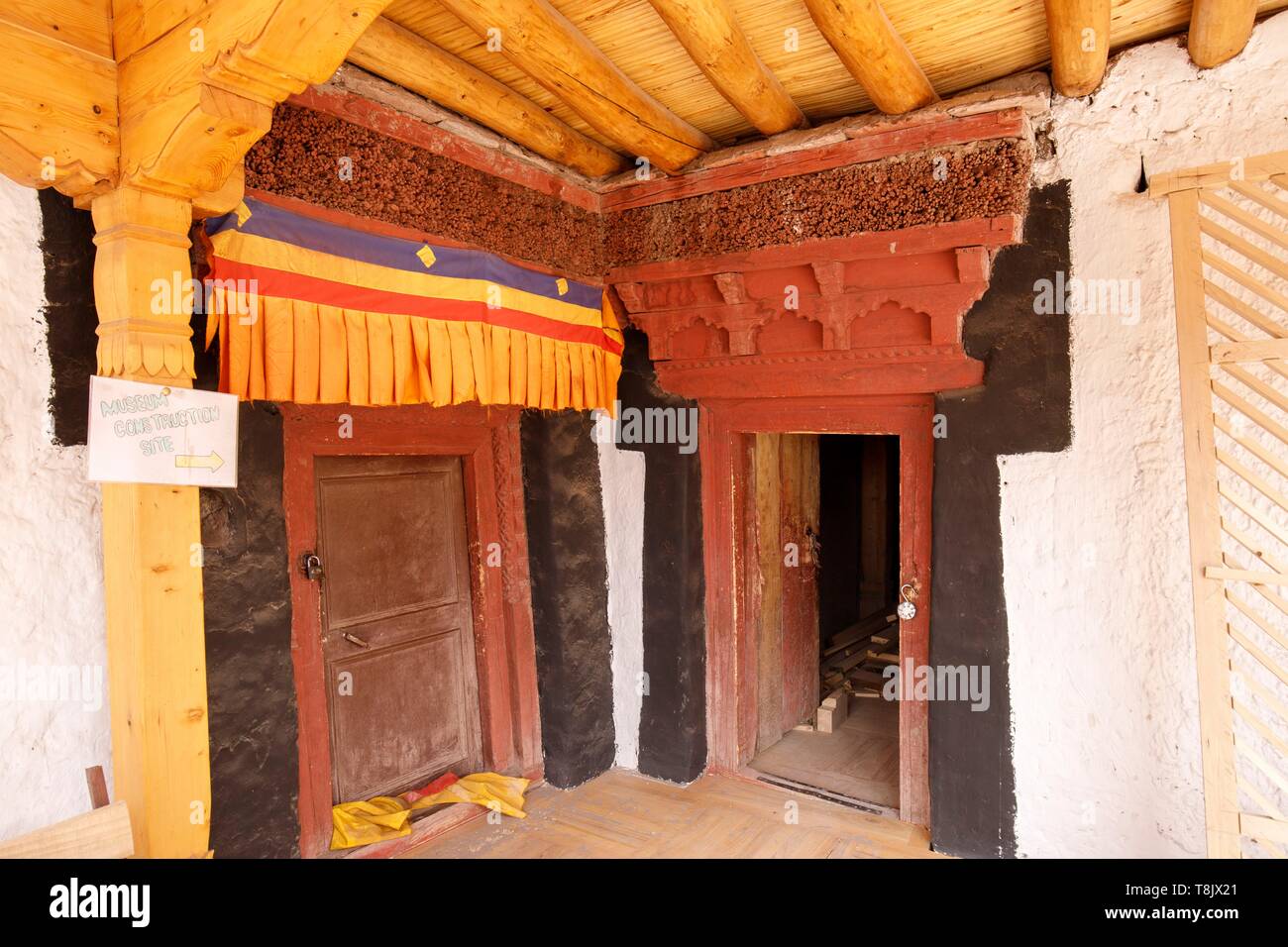 Indien, Bundesstaat Jammu und Kashmir, Himalaya, Ladakh, Indus Valley, Matho Kloster (gompa), Eingang des Matho Museum mit seinen niedrigen Tür und seiner traditionellen geschnitzten Sturz Stockfoto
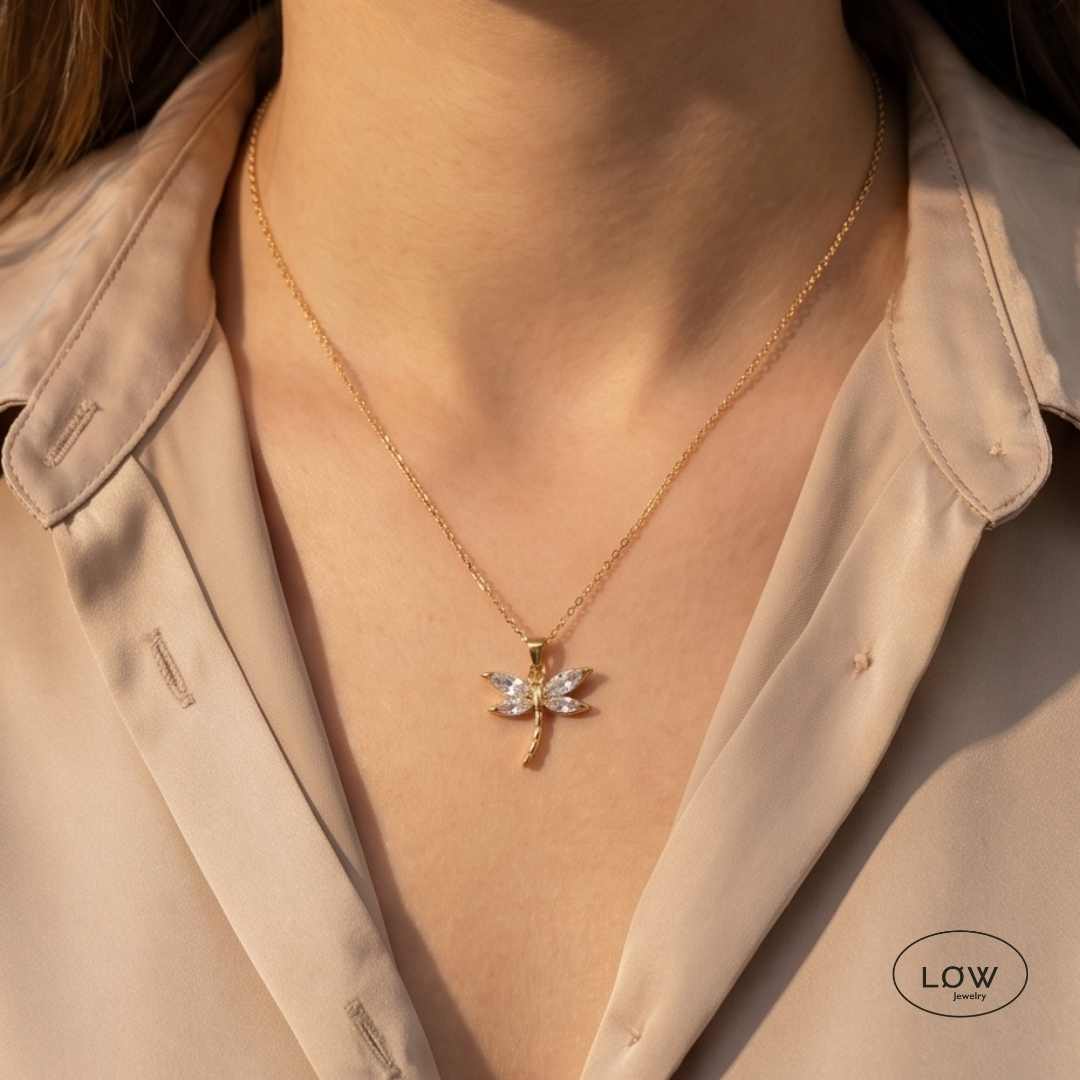 Aurelia Dragonfly Necklace Gold fra LØW Jewelry Øyenstikker Halskjede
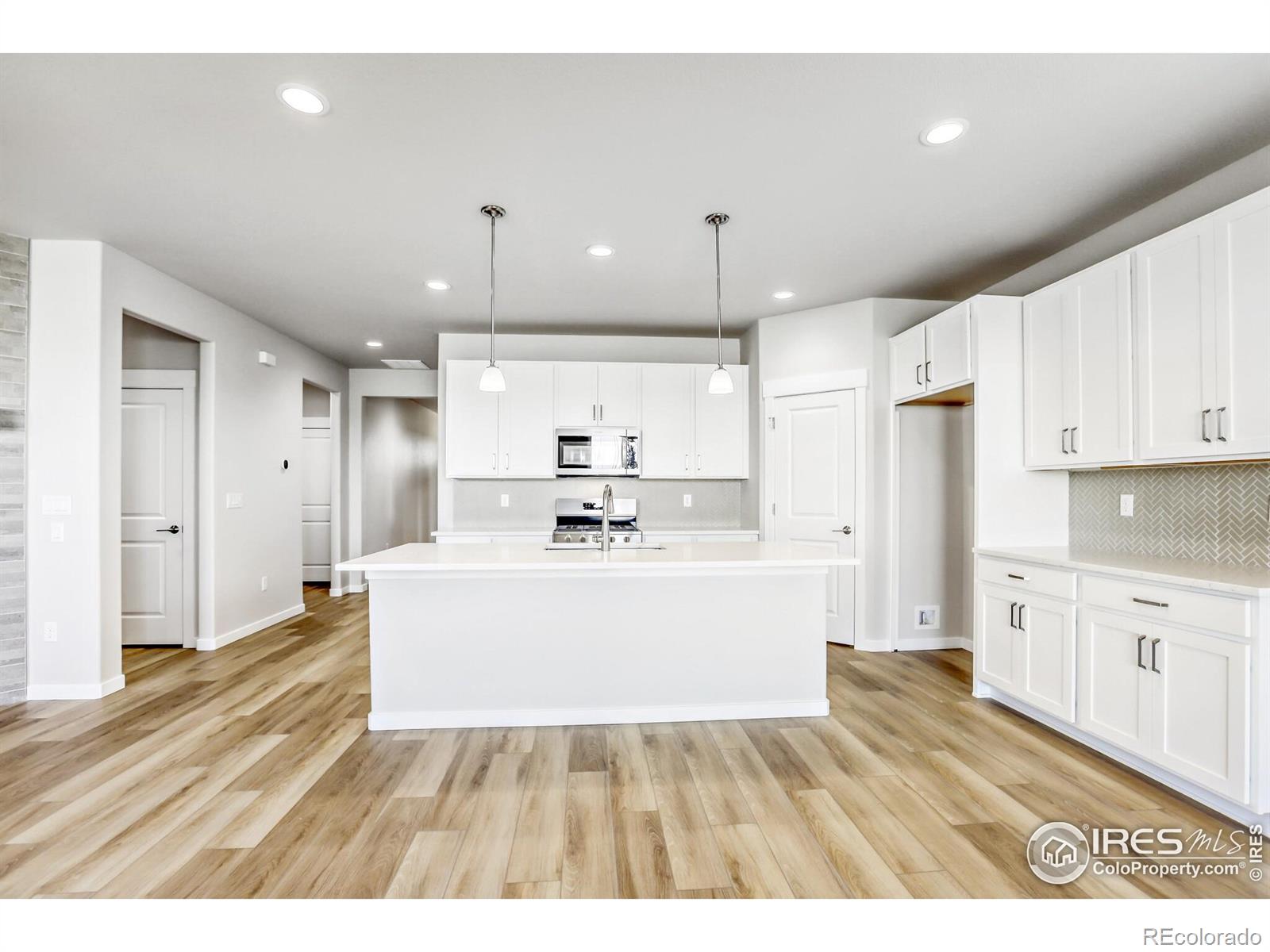 MLS Image #15 for 5871  aspenglow street,firestone, Colorado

+ + + + +

Give back the data exactly. Pictures stay out.

 Indien, Bundesstaat Jammu und Kashmir, Himalaya, Ladakh, Indus Valley, Matho Kloster (gompa), Eingang des Matho Museum mit seinen niedrigen Tür und seiner traditionellen geschnitzten Sturz Stockfoto
 Aurelia Dragonfly Necklace Gold fra LØW Jewelry Øyenstikker Halskjede
 MLS Image #15 for 5871  aspenglow street,firestone, Colorado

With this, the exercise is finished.